→ **What you have to do**
Drop every image, then reproduce the data exactly as given.

→ **Information supplied**
::::::::

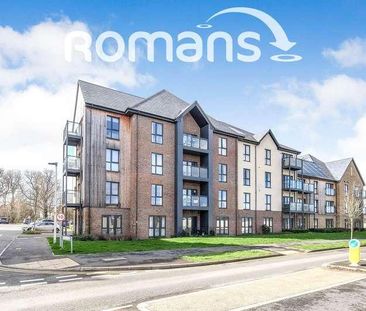 Moor House, Cook Way, Reading, RG2 - Photo 4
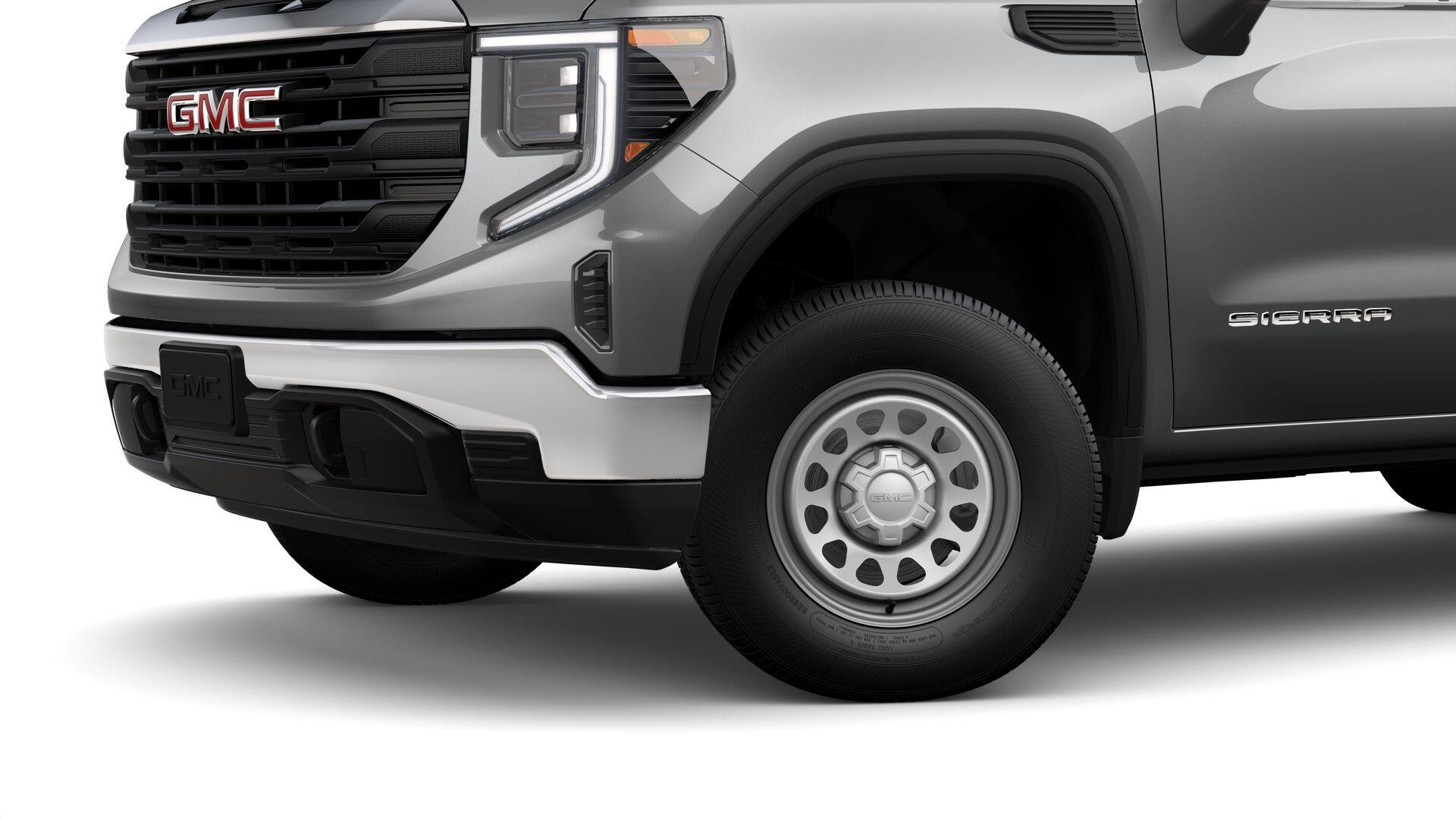 2026 GMC Sierra 1500 Pro - Photo 29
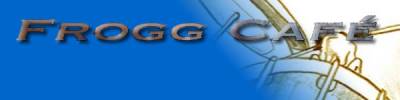 logo Frogg Café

::::::::

→ **Result for this task**
 Moor House, Cook Way, Reading, RG2 - Photo 4
 2026 GMC Sierra 1500 Pro - Photo 29
 logo Frogg Café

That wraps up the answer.